- What needs to be done
In the material below, the lines between the one holding "Halloween strega <span" and the one holding "Prayers without Words", inclusive, are to be set down word for word. Pictures stay out.

- Data listing
__________
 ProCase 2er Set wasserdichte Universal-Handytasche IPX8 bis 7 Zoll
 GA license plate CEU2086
__________
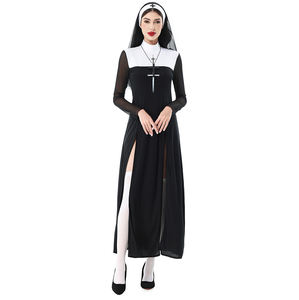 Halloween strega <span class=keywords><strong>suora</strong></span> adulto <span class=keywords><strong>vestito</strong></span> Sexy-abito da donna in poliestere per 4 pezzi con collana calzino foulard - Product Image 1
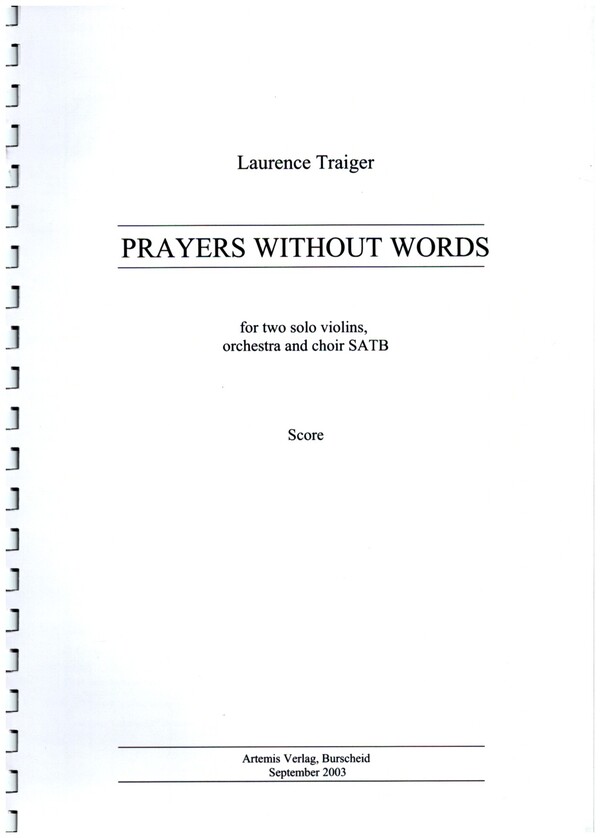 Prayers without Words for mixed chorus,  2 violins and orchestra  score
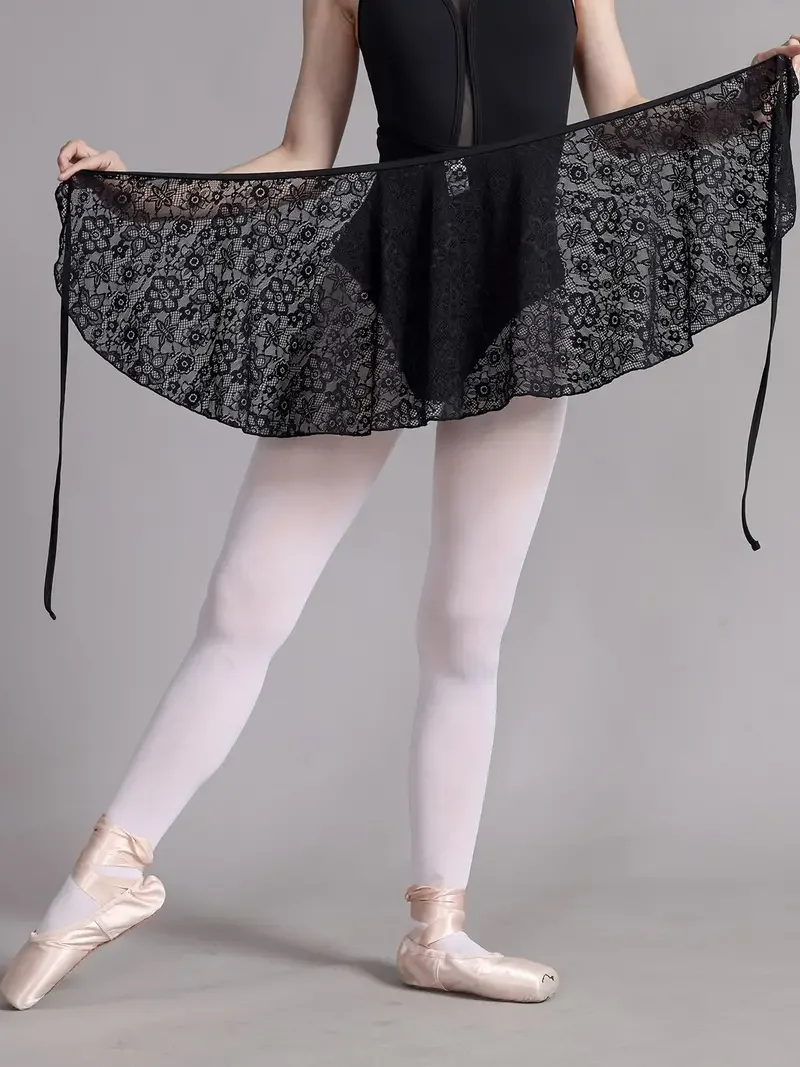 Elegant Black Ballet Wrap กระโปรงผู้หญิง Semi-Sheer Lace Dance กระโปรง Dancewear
__________
- Your response
 Halloween strega <span class=keywords><strong>suora</strong></span> adulto <span class=keywords><strong>vestito</strong></span> Sexy-abito da donna in poliestere per 4 pezzi con collana calzino foulard - Product Image 1
 Prayers without Words for mixed chorus,  2 violins and orchestra  score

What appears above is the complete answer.